To reject a victim’s definition of what they endure is just negation – nothing else. But women suffer this in rape cases too I feel.
I know it’s controversial but my BME friends and colleagues have a phrase for those members of their community who endorse stuff like this – it’s related to the fruit of a certain tree that tends to grow in the tropics. Their wording BTW – not mine – for I am not entitled to use it. There are some very disappointed equalities professionals out here.
Looking at the ethnic minority people involved in the production of the report , there is a fair smattering of MBE/CBE’s so one can safely say that favours are owed, loyalties have been created. None of them look poverty stricken or done down – they’re all eminently photogenic and not short of a bob or two I bet.

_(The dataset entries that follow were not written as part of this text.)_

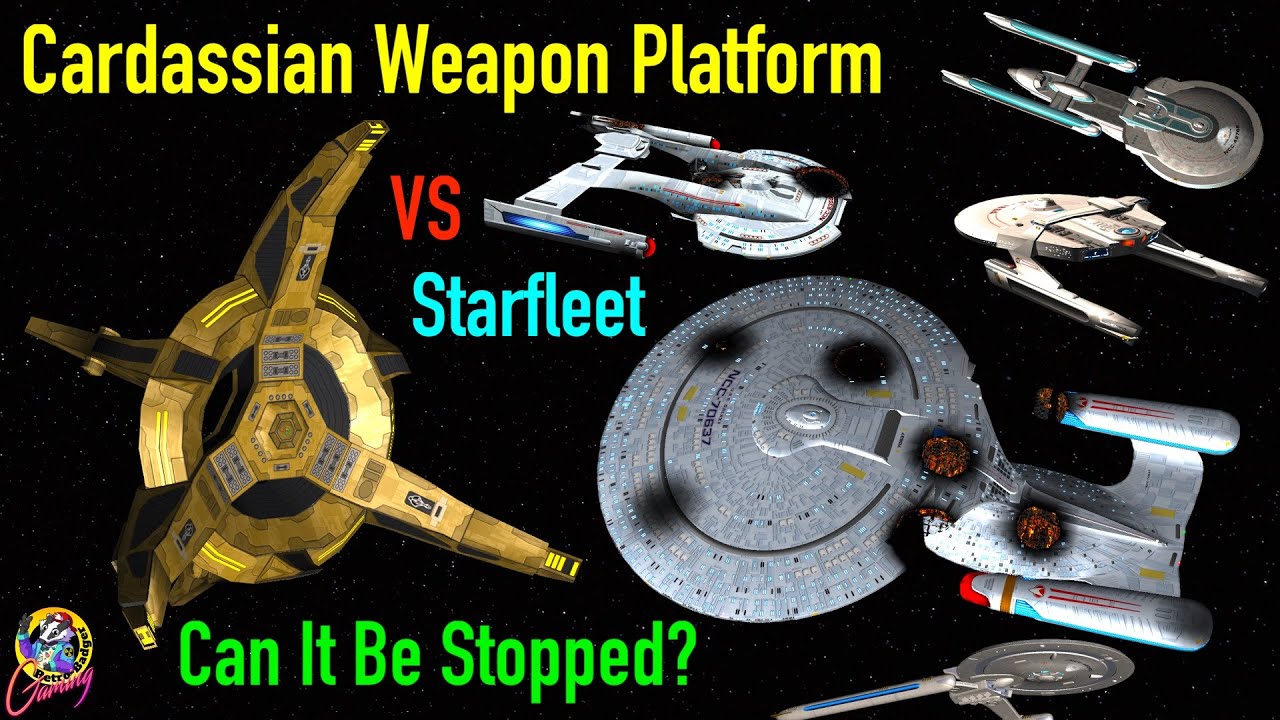 Federation Starships VS Cardassian Weapons Platform - Star Trek Starship Battles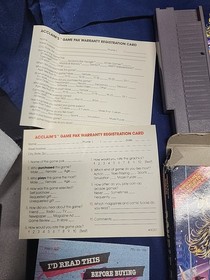 Double Dragon II: The Revenge (NES, 1990) complete with poster and tested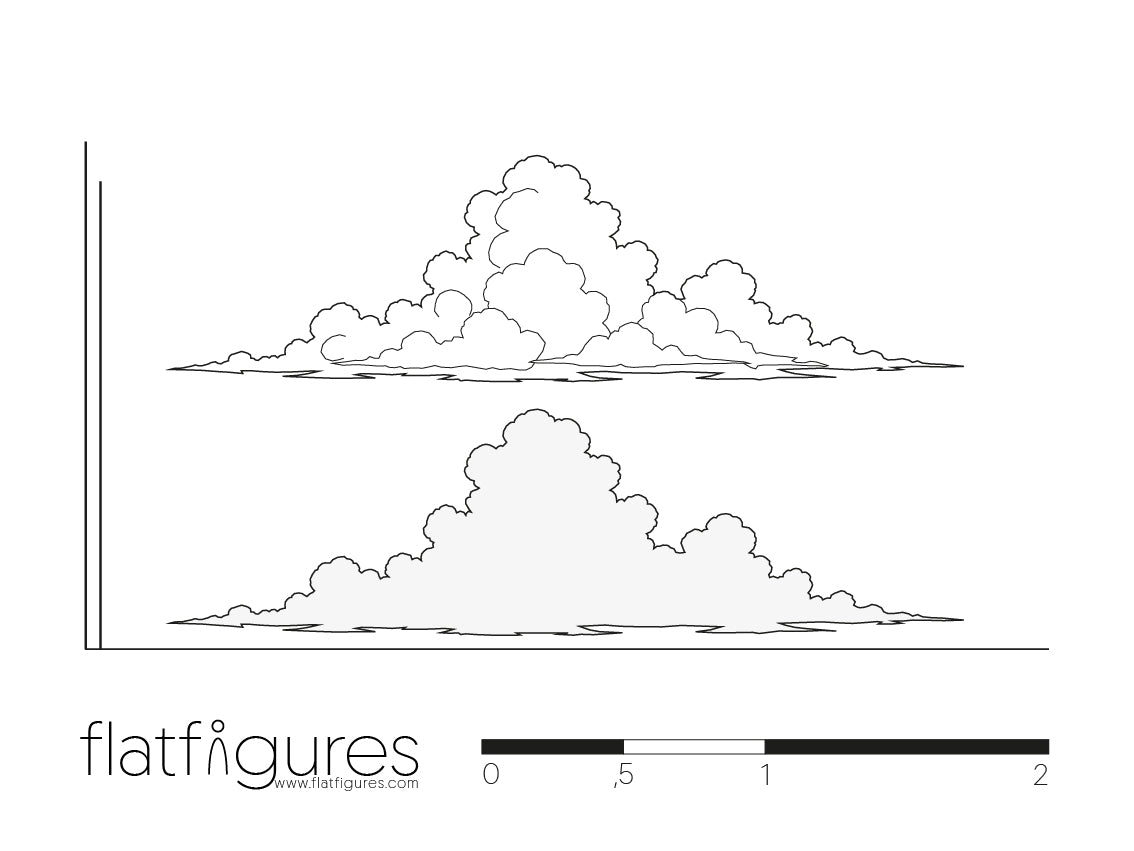 Wolke seitlich 07 - CAD Figur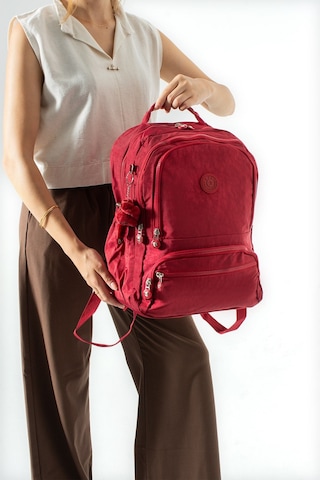 Ultra Hafif Çok Cepli Orta Boy Sırt Çantası Kırmızı Model: 571-3m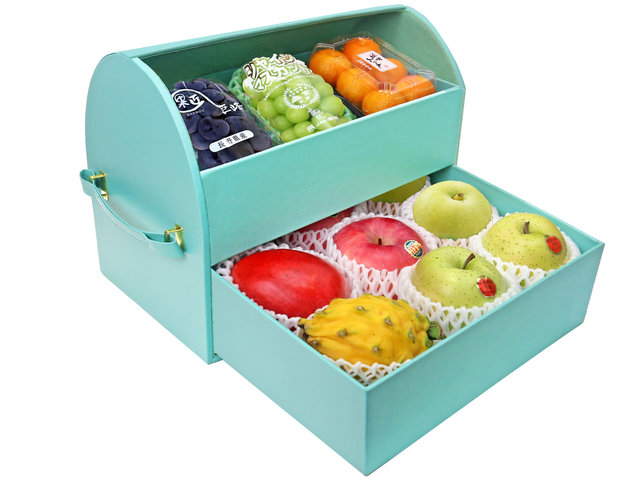 Fruit Basket - Double Deck Fruit Hamper Y - 0DP0719A1 Photo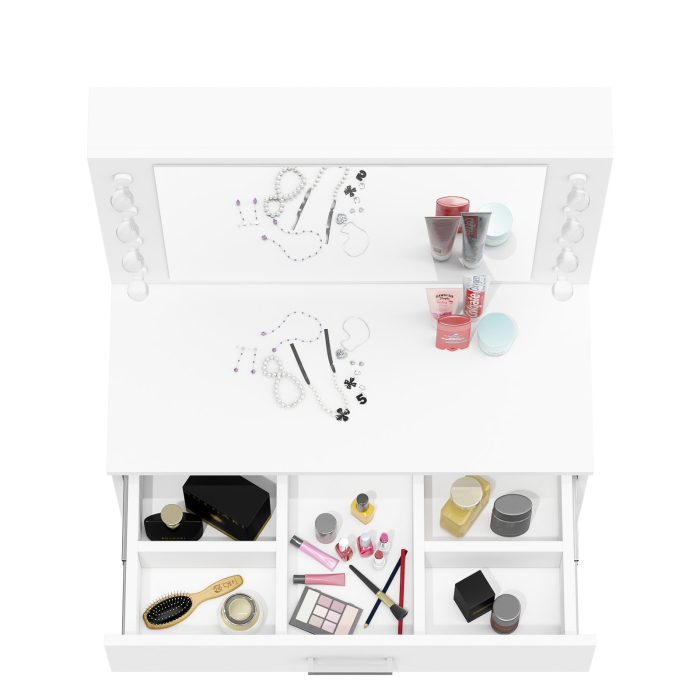 С зеркалом, Столик косметический с подсветкой СТ-4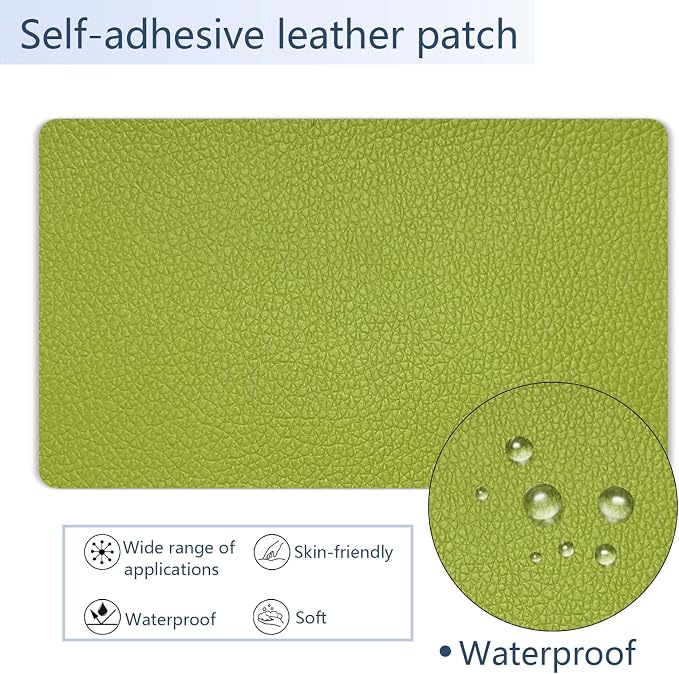 Self Adhesive Leather Repair Patch, 8×12 Inch Sofa Leather Repair Patch - Image 3
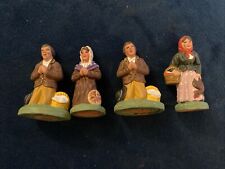 Vintage Santons Escoffier Figure Lot * Made in France Clay Figurine *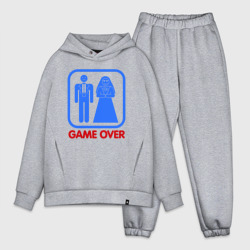 Мужской костюм oversize хлопок Game over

Maybe this is how ‘Neo-liberal’ race relations works: race only ceases to be a problem when high amounts of money and status comes into play? This explains ethnic minorities in the Tory party. In the Tory party, Sunak is not a man with brown skin, but a RICH man – and THAT is what matters. His wealth melts away his ethnicity in the eyes of his fellow white high rollers. Status and net worth somehow makes Neo-liberalism blind to race, because race is forgotten in the face of wealth and position (markers of Neo-liberal success) and all is well with the world. But God help you if you have neither status or money or are just like Neil Kinnock’s ‘ordinary’.
Although I agree with the concept of institutional racism, I agree with the other comments about the report in that it is not fine grained enough – we need new ways of looking at this issue and unpick it – even create a new language.
Because we (black and white) are being duped.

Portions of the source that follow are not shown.